→ **Exercise description**
Return the stretch from the line with "Our Publishing Process in China" through the line with "Grafiek inwonertal gemeente" in the data below, character for character, skipping all pictures.

================================

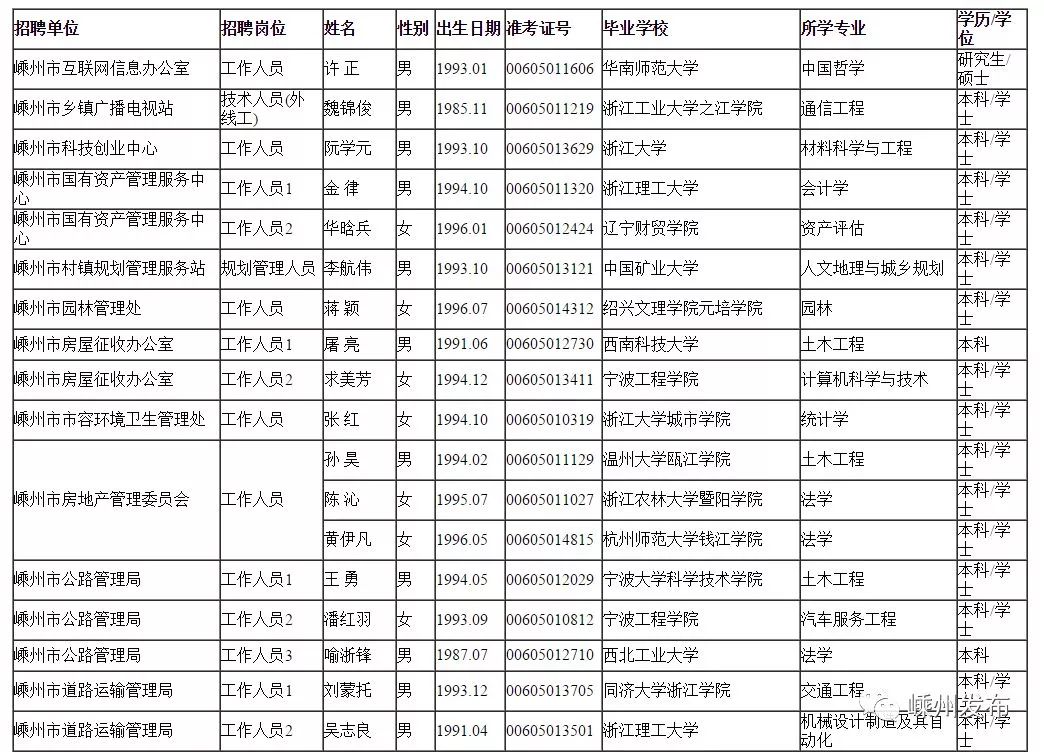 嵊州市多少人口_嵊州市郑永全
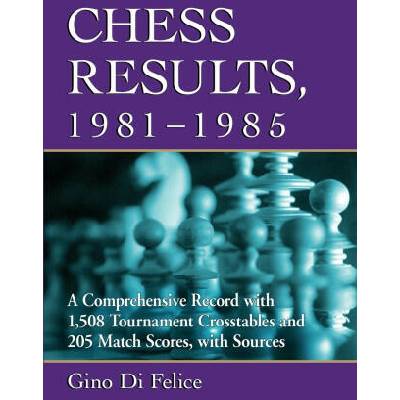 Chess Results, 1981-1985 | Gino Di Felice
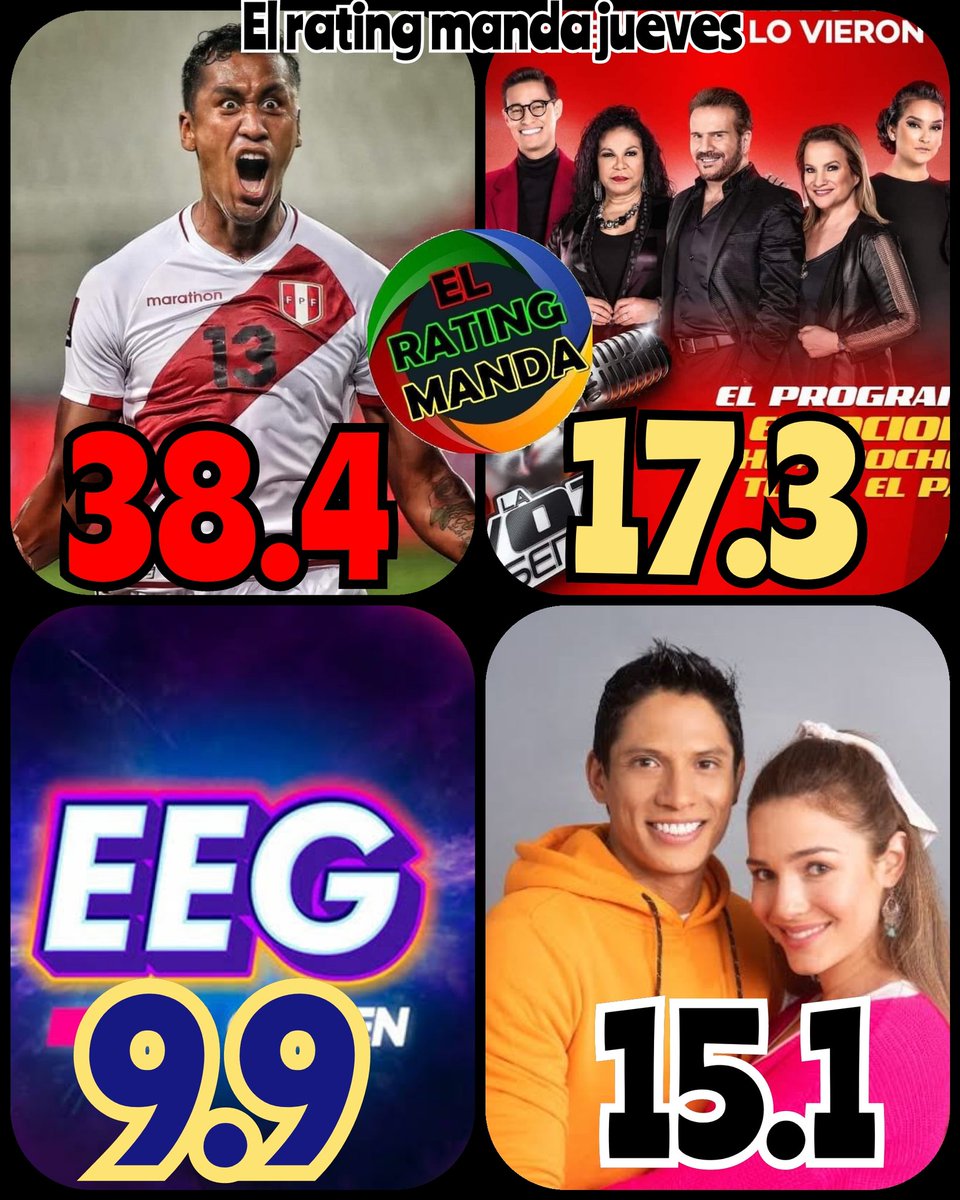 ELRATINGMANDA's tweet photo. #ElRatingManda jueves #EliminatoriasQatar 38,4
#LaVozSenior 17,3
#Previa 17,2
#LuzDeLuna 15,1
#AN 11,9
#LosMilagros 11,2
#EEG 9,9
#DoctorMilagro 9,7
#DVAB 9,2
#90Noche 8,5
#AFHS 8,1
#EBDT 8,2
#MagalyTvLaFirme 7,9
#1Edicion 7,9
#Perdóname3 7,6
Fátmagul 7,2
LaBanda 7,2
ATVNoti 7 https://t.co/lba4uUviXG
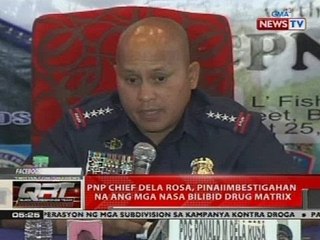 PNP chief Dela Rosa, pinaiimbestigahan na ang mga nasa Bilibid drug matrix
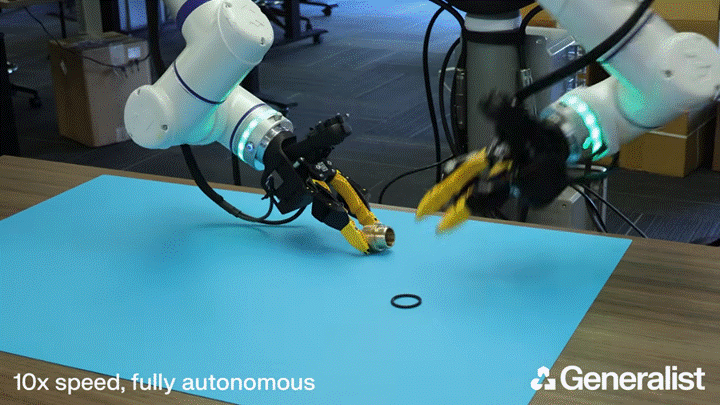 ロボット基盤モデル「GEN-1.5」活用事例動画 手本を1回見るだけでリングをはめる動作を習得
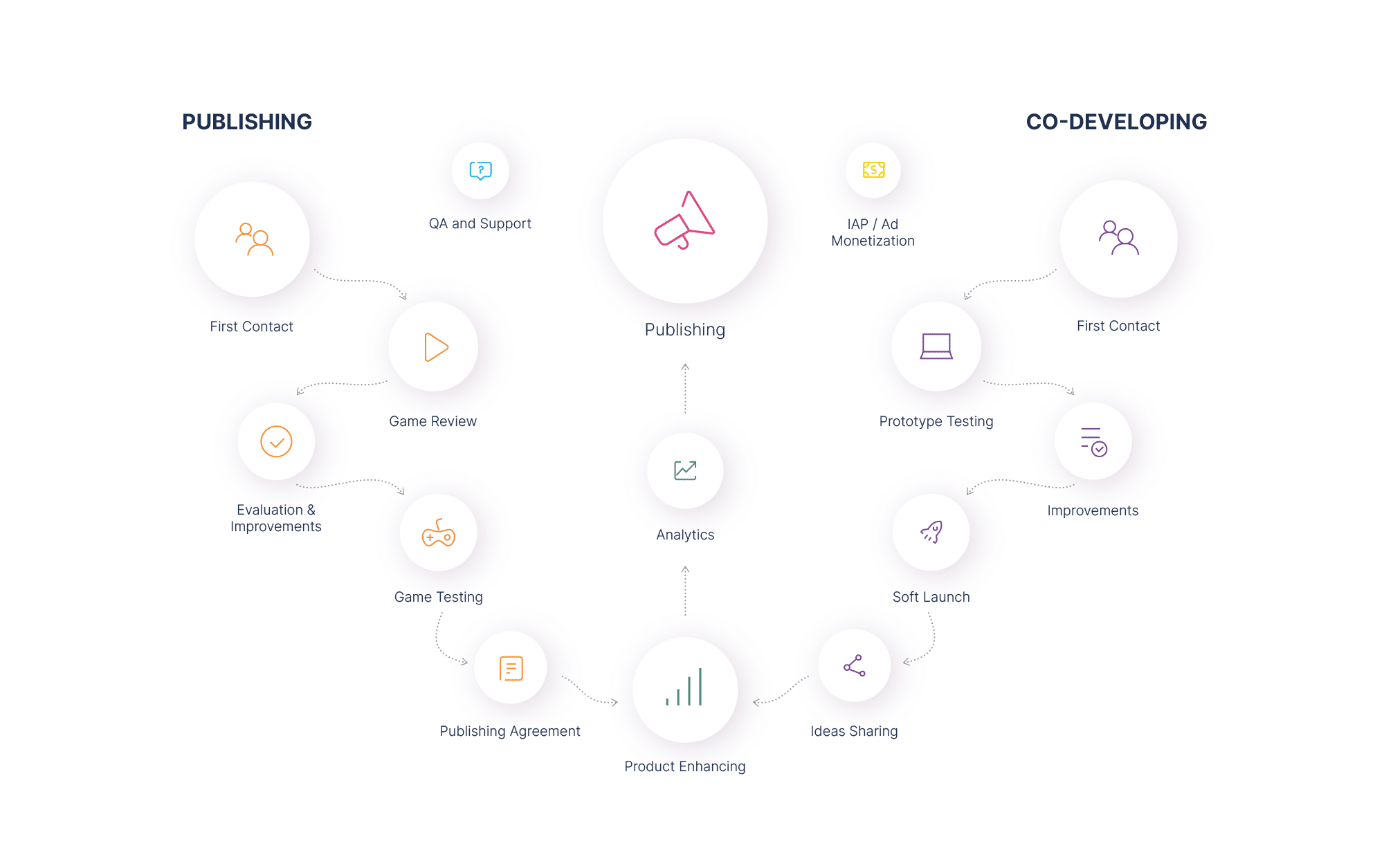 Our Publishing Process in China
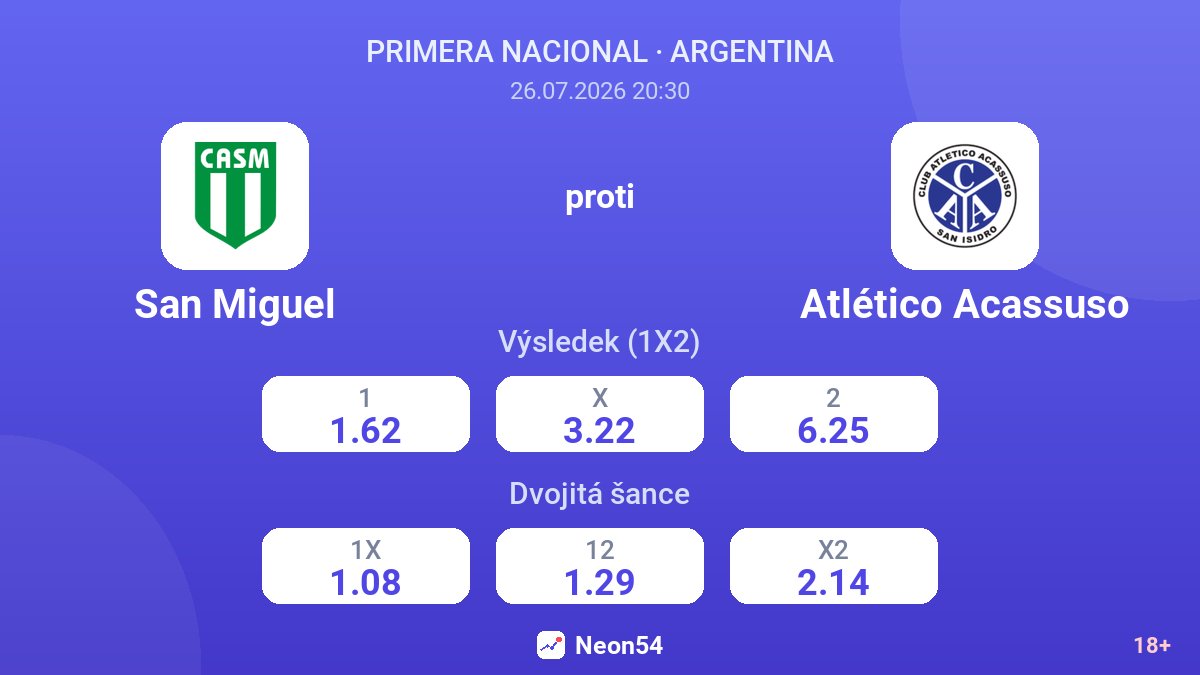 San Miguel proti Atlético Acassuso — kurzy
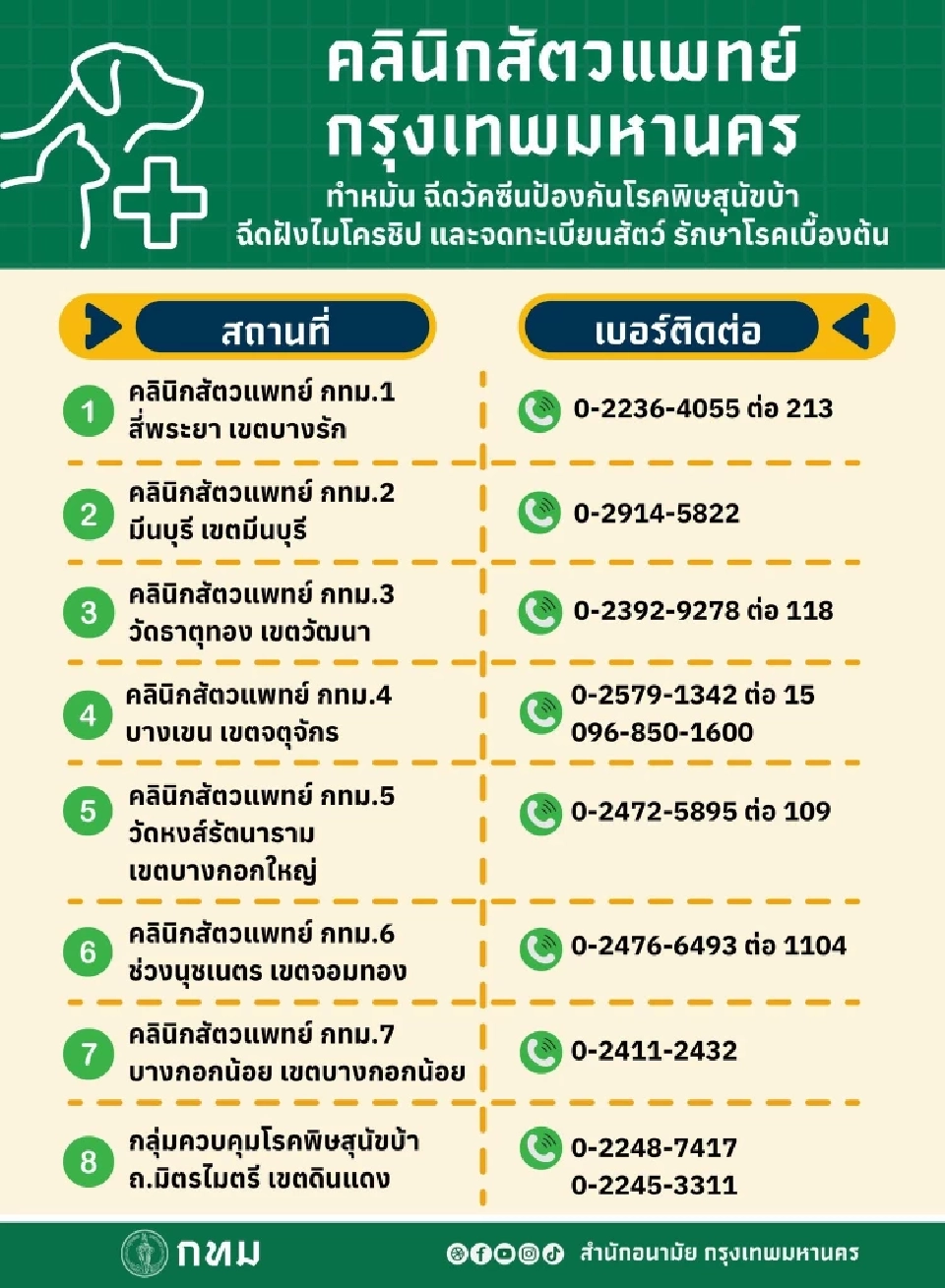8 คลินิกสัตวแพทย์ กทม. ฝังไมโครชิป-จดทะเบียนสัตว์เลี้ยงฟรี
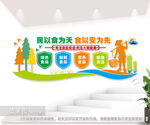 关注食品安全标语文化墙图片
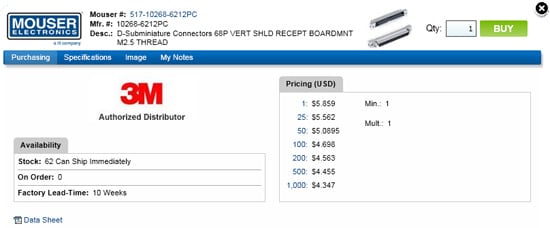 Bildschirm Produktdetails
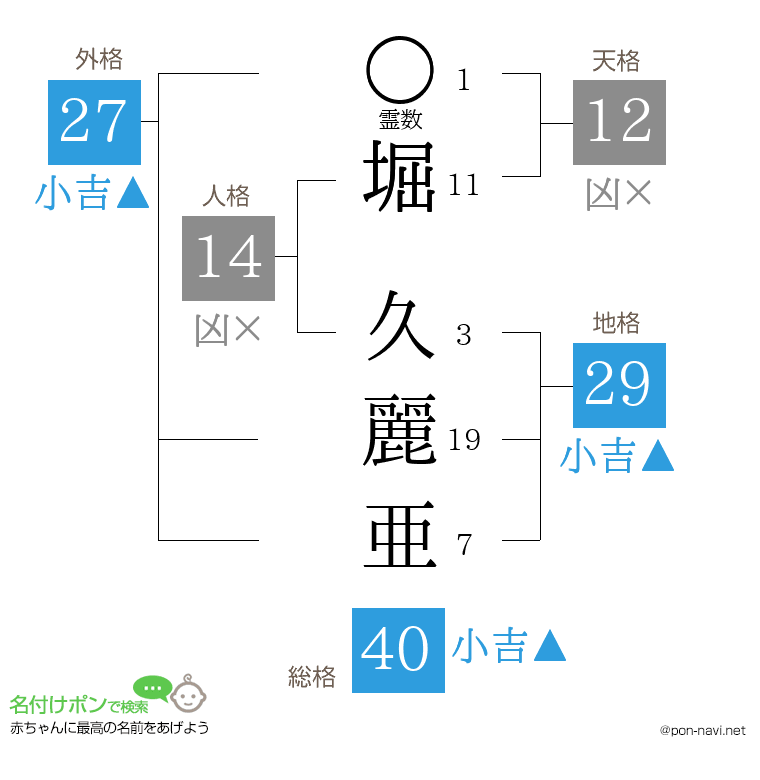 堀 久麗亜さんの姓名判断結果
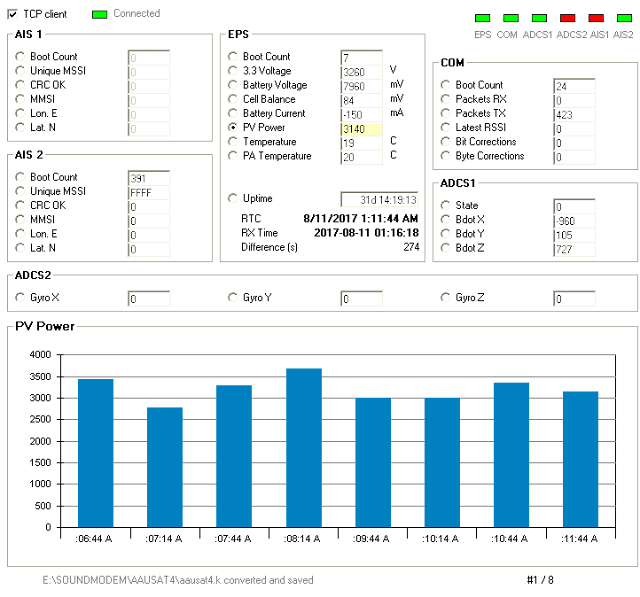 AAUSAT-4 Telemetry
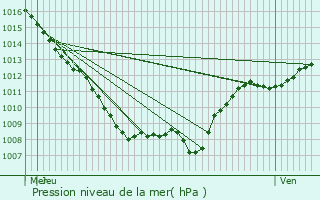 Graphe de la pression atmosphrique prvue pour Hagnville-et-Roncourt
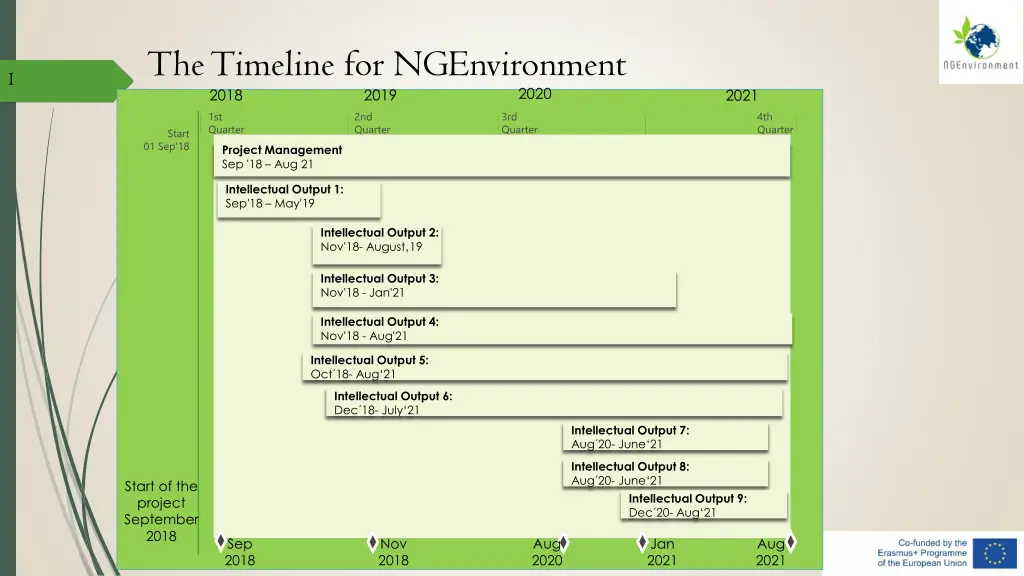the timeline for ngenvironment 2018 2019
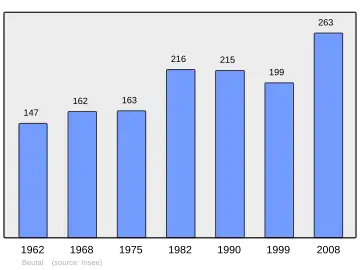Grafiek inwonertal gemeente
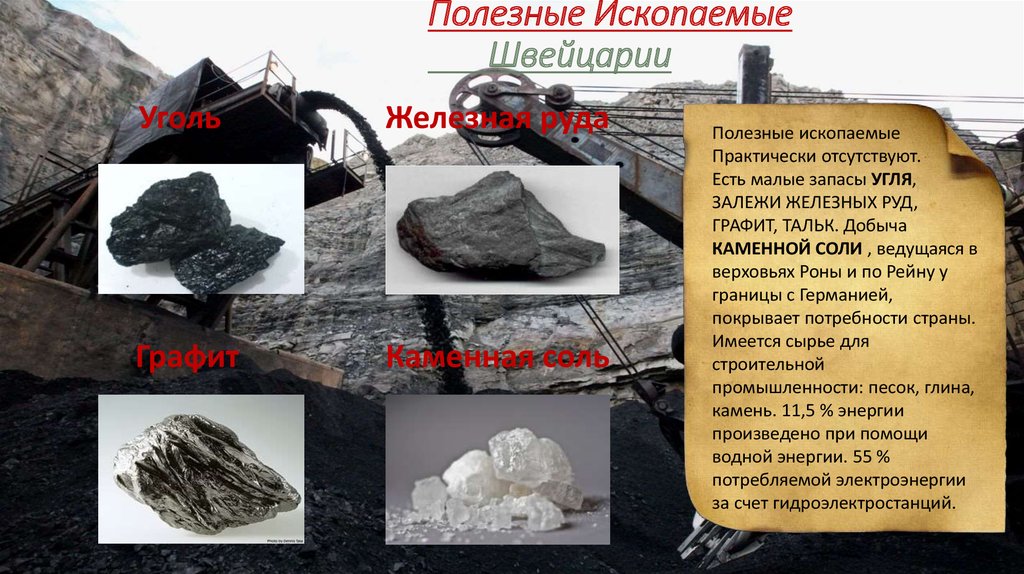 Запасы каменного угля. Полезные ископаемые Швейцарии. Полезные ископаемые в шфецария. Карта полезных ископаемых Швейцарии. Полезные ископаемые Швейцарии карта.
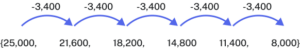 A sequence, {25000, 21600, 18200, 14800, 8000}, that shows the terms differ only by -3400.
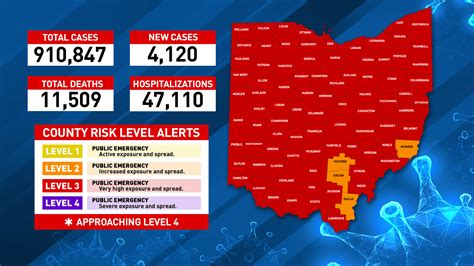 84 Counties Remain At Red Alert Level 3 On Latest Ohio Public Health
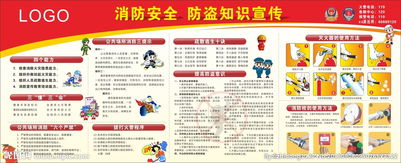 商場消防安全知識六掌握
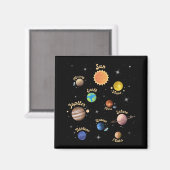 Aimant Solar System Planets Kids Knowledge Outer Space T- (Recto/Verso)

================================

→ **Task solution**
 Our Publishing Process in China
 San Miguel proti Atlético Acassuso — kurzy
8 คลินิกสัตวแพทย์ กทม. ฝังไมโครชิป-จดทะเบียนสัตว์เลี้ยงฟรี
 关注食品安全标语文化墙图片
 Bildschirm Produktdetails
 堀 久麗亜さんの姓名判断結果
 AAUSAT-4 Telemetry
 Graphe de la pression atmosphrique prvue pour Hagnville-et-Roncourt
the timeline for ngenvironment 2018 2019
Grafiek inwonertal gemeente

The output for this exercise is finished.